We don't like to think that the person to initiate the breakup goes happily forward with their life
but that isn't always the case, even if it may for a period of time look that way. Breakups affect everyone, even if it looks different depending on your role it in. Sometimes the person to initiate a breakup was never the one who had wanted the relationship to end so it is worth noting that they can go through the stages of being dumped rather than the dumper.
Not everyone goes through these exact stages and not always in this order; sometimes multiple times in different orders but this data exists because enough experiences from a variety of people have proven it to be consistent.
Relief - Breakups rarely happen at the spur of the moment. Maybe the dumper finally cracks during an argument and decides they’ve had enough and cuts things off, but even in that scenario, the idea of ending things has been brewing in their mind for a while. So it is unsurprising that after weeks, months, or even years of anxiously battling the idea that this relationship is no longer working for them, the dumper releases a sigh of relief that it has ended. It is finally over. Now they have time to do as they wish and find happiness since dumpers often believe the dumpee to be the source of their current unhappiness.
Elation - From the outside to the dumpee, this is extremely painful to see (which is why committing to No Contact for at least a month, if not indefinitely, is highly recommended). The dumper feels amazing. They’re single again and can do whatever they want with their time. They look forward to the future which seems to have endless possibilities. They seek out friends and get busy enjoying their newly found single life. They wanted to be single so they may embrace this by going out and meeting new people, sometimes leading to a rebound relationship. They may appear unrecognizable when doing things that aren’t typical of their personality in an effort to shake things up and start anew.

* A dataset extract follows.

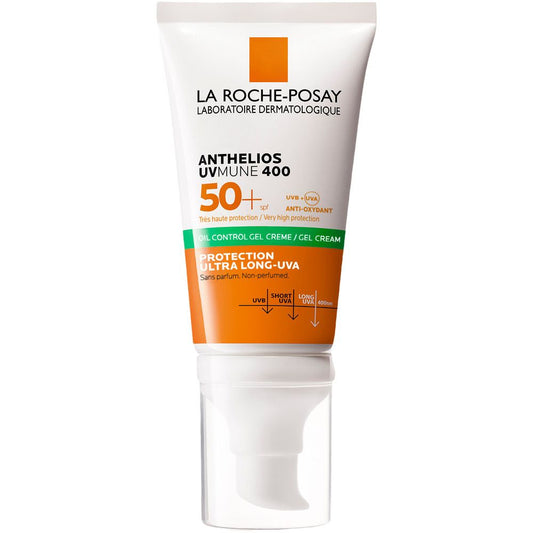 LA ROCHE-POSAY ANTHELIOS INVISIBLE GEL-CREME OIL CONTROL SPF50+ 50ml TUBO ULTRA PROTECÇÃO ULTRA TOLERÂNCIA SEM PERFUME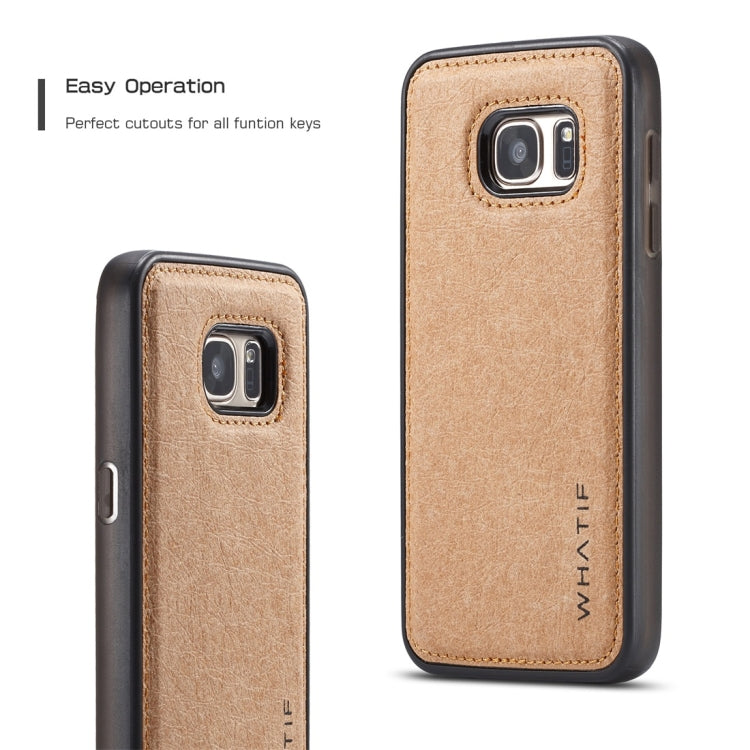 For Galaxy S7 WHATIF Kraft Paper TPU + PC Full Coverage Protective Case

Nostalgia - After the first month or two, their life may calm down and they start thinking of their ex. They’re more curious about what the dumpee is doing and if they are seeing someone new. They may start to second guess their decision, and compare whomever they’re newly dating to their previous relationship. However, this is not typically when they still want a romantic relationship with their ex. Instead, they’re simply starting to shed some of the negative memories associated with the breakup.
Neutrality - At this point, they revert back to their old selves since the excitement of being newly single has worn off. They let go of the negative feelings connected to the breakup. They are often staying busy and start to appreciate their ex for who they are and how they handled the relationship. They may reach out to apologize for the breakups and what they put the dumpee through. Still, much of this is fueled by their own guilt rather than any motive to return to the dumpee.
Sadness (and regret) - Not every dumper reaches regret, but it is inevitable that they will hit sadness because no matter how they cope, no one can avoid grieving a loss. They have begun to realize that the grass was not greener on the other side and now the positive memories they may have avoided before are coming up more often. The regret can resurface due to something largely negative happening to the dumper who then misses the times before during the relationship when things were good with their ex. This is typically occurring when the dumpee has moved on and healed, so it is important to remember that oftentimes if the dumper feels regret, they’re returning to feel loved first, and love the dumpee second.
Acceptance - At this stage, the dumper sees two options - either to attempt to reconcile with their ex or move on. The dumpee’s healing is typically further along, so reconciling can be difficult. Otherwise, the dumper has now made peace with their decision to end the relationship and begins to move on.